WHAT YOU WILL DO
In the entries below, find the line with "Happy Van Vehicles" and print exactly every line from there up to and including the line with "Blank white transparent", with no other lines.

AVAILABLE RECORDS

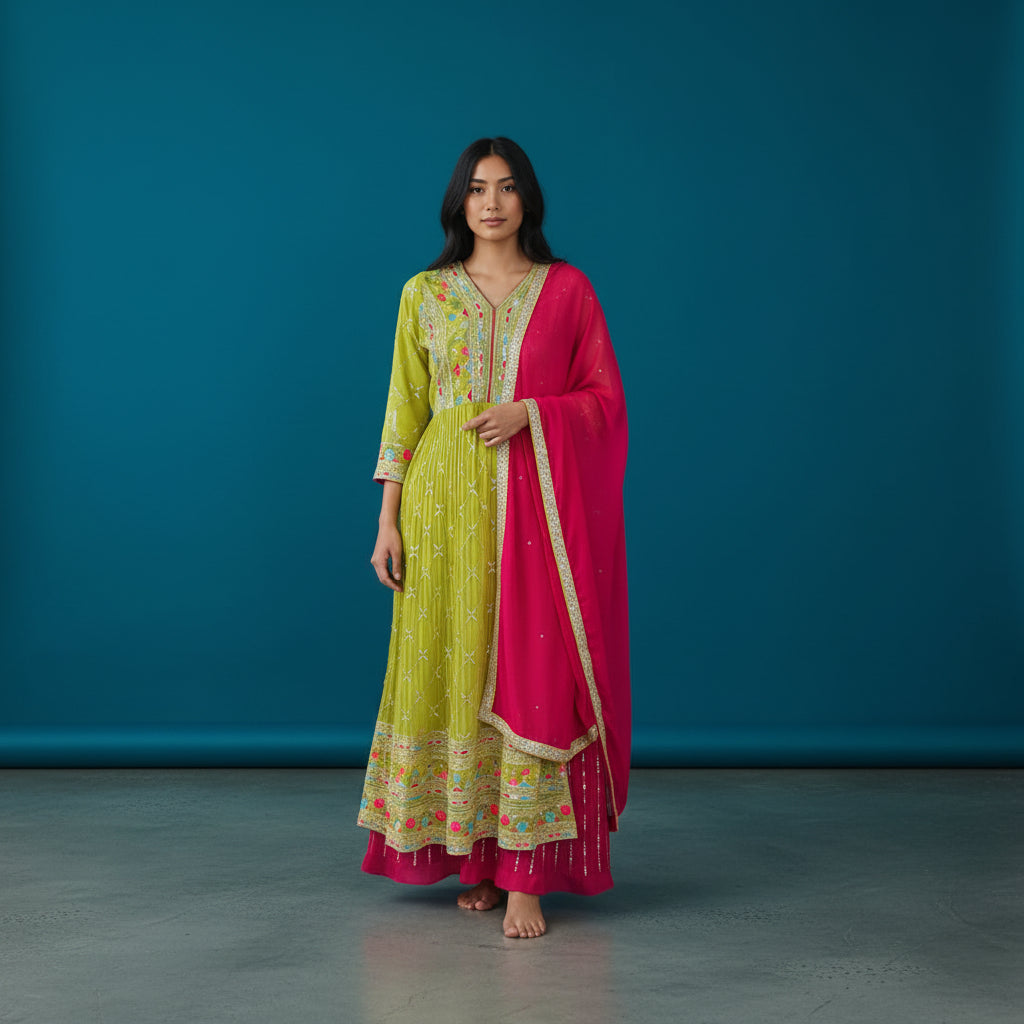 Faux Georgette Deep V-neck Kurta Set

---

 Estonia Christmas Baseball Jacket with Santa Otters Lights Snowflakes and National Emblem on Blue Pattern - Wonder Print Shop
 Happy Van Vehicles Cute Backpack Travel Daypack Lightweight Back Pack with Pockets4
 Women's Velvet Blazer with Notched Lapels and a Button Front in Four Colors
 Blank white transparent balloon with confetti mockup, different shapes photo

* * *

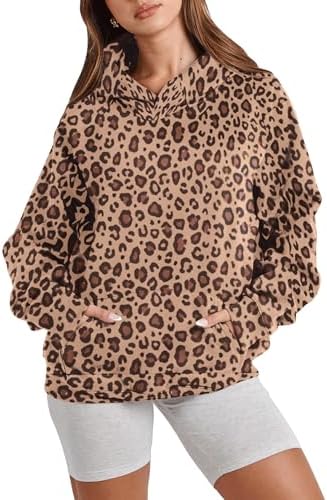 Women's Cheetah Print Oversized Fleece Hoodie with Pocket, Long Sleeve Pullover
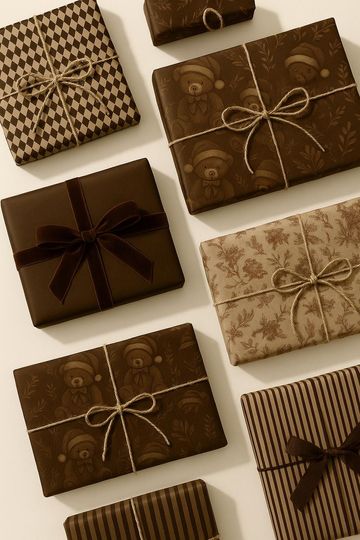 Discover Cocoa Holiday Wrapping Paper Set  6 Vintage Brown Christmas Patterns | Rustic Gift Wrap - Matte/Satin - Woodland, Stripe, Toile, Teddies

EXPECTED ANSWER
 Happy Van Vehicles Cute Backpack Travel Daypack Lightweight Back Pack with Pockets4
 Women's Velvet Blazer with Notched Lapels and a Button Front in Four Colors
 Blank white transparent balloon with confetti mockup, different shapes photo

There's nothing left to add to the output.